The authors also point out that space tech is heavily linked to the dual-use and defence area, which means that the potential of the industry may exceed expectations.
Crypto is back? I don’t think so
PitchBook analysts see a surge in LPs' interest in funds investing in early-stage tokens, liquid tokens and startup equity in 2024. This is due to the rise of Bitcoin and the SEC's approval of its ETFs.
To put this in perspective, funds raised more than $2 billion in the first three months of this year, compared to $1.9 billion for all of 2023. But it's worth remembering that in 2022, for example, the figure was $28.4bn! We're still a long way from the peak.

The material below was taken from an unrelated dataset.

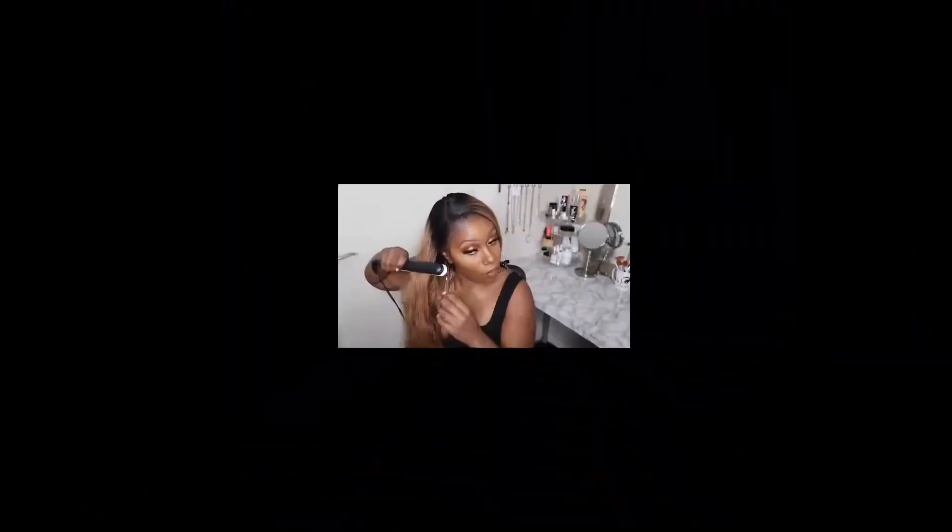I wanted you guys to see this hair in its natural state, because I'm going to go ahead and flat iron it. I should curl it but your girl is just not about to do that tonight. This hair is so full and gorgeous — all that body! I'm going to see how well this hair takes heat. She actually looks super gorgeous as is in my opinion, but I'm just going to go ahead and straighten it.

At the same time, funds confirm that attracting LPs is a very difficult and creaky business. Many have been burned by crypto investments and are sceptical, if not hostile. The industry remains volatile and risky.
Non-VC-related, but informative and even funny
A new study concludes that diversity and inclusion are positive but insubstantial for business performance.
AI chatbots could help tackle the global epidemic of loneliness, The Verge reports.
2024 Annual Marketing Report from Nielsen.
As per Windpower Monthly, renewables generated 30% of electricity worldwide last year and continue to grow.
The search for extraterrestrial life has evolved from an amateur pastime into a serious scientific field, says Aeon.
An up-to-date visualisation of black holes from NASA.
The 100 best albums of all time, according to Apple.
The global birth rate is at its lowest level ever, The Wall Street Journal reports.
Useful Data, that can come in handy
A survey by Sifted found that 71% of founders are dissatisfied with investor relations. In addition, 76% claim that investors have hurt their mental health! The whole reason is that VCs want to see returns. Unexpected for sure.
According to the annual conference of the European Business Angels Network (EBAN), there are currently around 40,000 angels in Europe, and their number is growing every year. The main focus of emergent investors: B2B SaaS, Fintech, AI, and defence tech.
According to Ramp, corporate spending on AI-related products soared 293% in 2023.
Insurance companies providing services to space operations suffered nearly $1bn in losses in 2023.
PitchBook predicts that venture capital funds will struggle with fundraising through 2028.
Some states are banning the use of artificially grown meat, Vox reports. This could hit food tech startups badly.
Y Combinator stats: focus on AI and SaaS.